Change download logic to allow calling getdata on inbound peers #5662

sdaftuar · 2015-01-14T20:34:27Z

This fixes the download behavior to allow downloading blocks on a chain that is known only by inbound peers and not by outbound/preferred download peers, mentioned in issue #5138.

@sipa I tried implementing your suggestion (on IRC) of just guarding the getdata code block with a (preferredpeer || rand() %100 == 0). I think this works for what we were discussing (where an inbound peer announces a tip more than 1 block ahead on a chain no one else knows about), but it doesn't resolve @gavinandresen's test case in issue #5138 because we still wouldn't be sending getheaders when an inbound peer connects like we do for outbound peers. Instead, we'd have to wait for an inv that builds on the longer chain from the inbound peer before we send getheaders, and then with this code send the getdata.

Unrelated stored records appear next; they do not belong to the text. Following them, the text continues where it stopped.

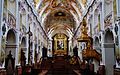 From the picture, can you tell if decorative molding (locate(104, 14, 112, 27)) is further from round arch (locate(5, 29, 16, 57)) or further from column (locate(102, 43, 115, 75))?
round arch (locate(5, 29, 16, 57))

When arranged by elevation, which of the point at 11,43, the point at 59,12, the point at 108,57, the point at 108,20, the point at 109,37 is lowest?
the point at 108,57

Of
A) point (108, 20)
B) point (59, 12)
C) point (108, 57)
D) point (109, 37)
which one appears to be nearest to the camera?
point (108, 20)

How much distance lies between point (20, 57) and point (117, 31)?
25.5 ft

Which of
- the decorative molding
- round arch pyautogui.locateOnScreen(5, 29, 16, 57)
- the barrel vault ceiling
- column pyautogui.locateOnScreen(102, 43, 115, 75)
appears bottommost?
column pyautogui.locateOnScreen(102, 43, 115, 75)

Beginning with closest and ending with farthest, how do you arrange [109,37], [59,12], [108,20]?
[108,20], [109,37], [59,12]

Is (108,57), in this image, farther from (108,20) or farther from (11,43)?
(11,43)

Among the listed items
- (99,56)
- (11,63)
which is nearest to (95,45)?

One question: is it necessary to also check !pto->fOneShot() with this change? I didn't think it would be possible for us to have a one shot peer's headers and therefore no blocks we'd ever try to download, so I left it out, but perhaps it's preferable to include that check just to be safe...?

As an aside: I noticed that an additional way we could workaround the regtest issue @gavinandresen raised, besides connecting nodes to each other in both directions, would be to whitelist localhost.

I've tested this code on a modified version of the test, where after connecting a node with a longer chain and observing that the tips didn't sync, I then generated one more block on that inbound peer and observed that the tips then did sync.

Finally, I believe that if we wanted to send an initial getheaders message to all inbound peers just as we do for outbound peers so that we could immediately download a longer chain known only by an inbound peer, we could do so with a similar small change to the code that sends the initial getheaders messages (while still preferring outbound peers for downloading blocks during initial block download), but it wasn't clear to me whether such a behavior change would be desirable.

laanwj · 2015-01-29T12:31:58Z

src/main.cpp

@@ -4535,7 +4535,7 @@ bool SendMessages(CNode* pto, bool fSendTrickle)
        // Message: getdata (blocks)
        //
        vector<CInv> vGetData;
-        if (!pto->fDisconnect && !pto->fClient && fFetch && state.nBlocksInFlight < MAX_BLOCKS_IN_TRANSIT_PER_PEER) {
+        if (!pto->fDisconnect && !pto->fClient && (fFetch || GetRandInt(100) == 0) && state.nBlocksInFlight < MAX_BLOCKS_IN_TRANSIT_PER_PEER) {


Please use insecure_rand here. GetRandInt() returns cryptographic randomness and is thus quite expensive to call, and its unecessary here.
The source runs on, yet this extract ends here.